Inna technika to medyczne tatuaże, które w rzeczywistości bardziej przypominają plastry niż graficzne nadruki. Forma naklejanych na ciało plastrów pozwala na umieszczenie w nich szeregu czujników, takich jak akcelerometr czy żyroskop. Dzięki komponentom do monitorowania aktywności elektrycznej „tatuaż” działa też jak miniaturowe EKG, może kontrolować poziom glukozy we krwi, pomagać w wykrywaniu raka piersi u kobiet, a nawet aplikować podskórnie konkretne dawki leków.

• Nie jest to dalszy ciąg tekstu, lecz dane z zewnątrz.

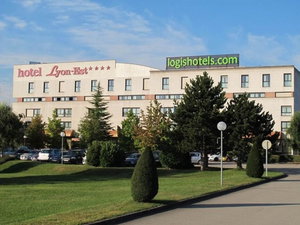 Hotel Logis Lyon Est cazare Lyon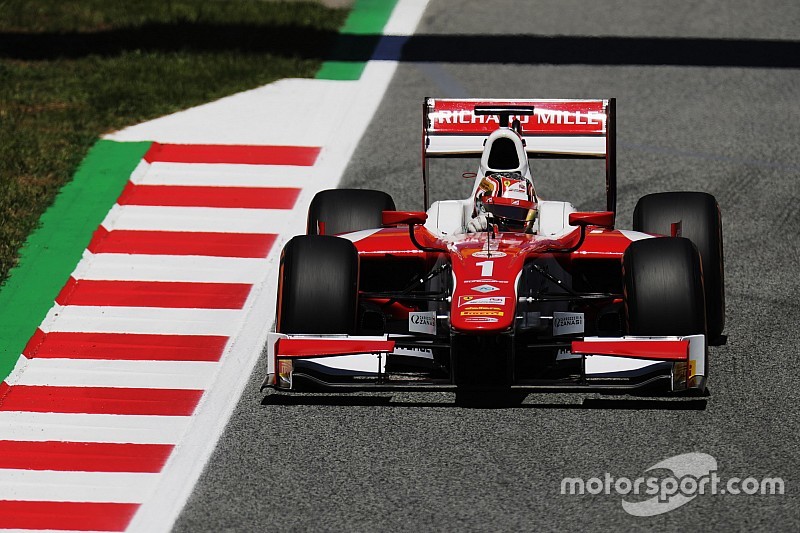F2 Barcelona: Leclerc wint met dank aan de safety car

Naukowcy z Uniwersytetu Austin w Teksasie opracowali tzw. elektroniczną skórę, czyli rodzaj nadruku na skórę ludzką. „Łatka” elektroniczna ma rozmiary 4 x 2 cm, przy 0,3 mm grubości. Składa się z warstw nałożonych na siebie z wykorzystaniem nowoczesnych nanotechnologii materiałów. W obwodzie zintegrowano m.in. czujniki temperatury i ruchu, moduł pamięci RAM, mikropodgrzewacze i porcje leków. Całość może być wykorzystana np. do diagnostyki medycznej lub sterowania dozowaniem oraz do samego dozowania leków pacjentom.

Elektroniczna łatka na skórze, przeznaczona do monitoringu zdrowia
Elektroniczna łatka na skórze, przeznaczona do monitoringu zdrowia

 

Albo długie życie, albo dużo dzieci

Obudowani systemami monitorującymi nas na zewnątrz i od wewnątrz, wyposażeni w elektroniczne, bioelektroniczne i inne systemy wczesnej odpowiedzi, być może przestaniemy chorować lub zdusimy w zalążku każde, najpoważniejsze nawet schorzenie. I co wtedy?

Eliminacja chorób ma konsekwencje. Nieuchronne wydaje się wtedy wydłużenie statystycznego czasu życia ludzi. Nie tak dawno Leonid Gawriłow z Uniwersytetu w Chicago stworzył modelową prognozę zakładającą, że w Szwecji zostaną wyeliminowane choroby związane z wiekiem. Z obliczeń wyszło mu, że średnia życia mężczyzn wzrosłaby do 134, zaś kobiet - nawet do 180 lat.

Nieśmiertelność
Nieśmiertelność

Oznaczałoby to w sensie demograficznym silny wzrost liczby ludności w tym kraju. Większy nawet, niż jesteśmy sobie w stanie wyobrazić, zwłaszcza jeśli wziąć pod uwagę, że przy postępach technik typu in vitro powoli zanikają tradycyjne bariery liczbowe i wiekowe dotyczące posiadania dzieci. Inżynierowie społeczni już rozważają więc opcje przyszłych rozwiązań, w których pragnienie długiego życia można by zamienić na prawo do posiadania dzieci.

Myślenie o eliminacji chorób, długowieczności, wręcz nieśmiertelności, zmierza zatem do dobrze znanego targu z losem: coś za coś. Albo żyjesz długo, być może nawet całe wieki, albo cieszysz się potomstwem. Połączenie bowiem tych dwóch rzeczy prowadziłoby do demograficznej, gospodarczej i w efekcie cywilizacyjnej katastrofy.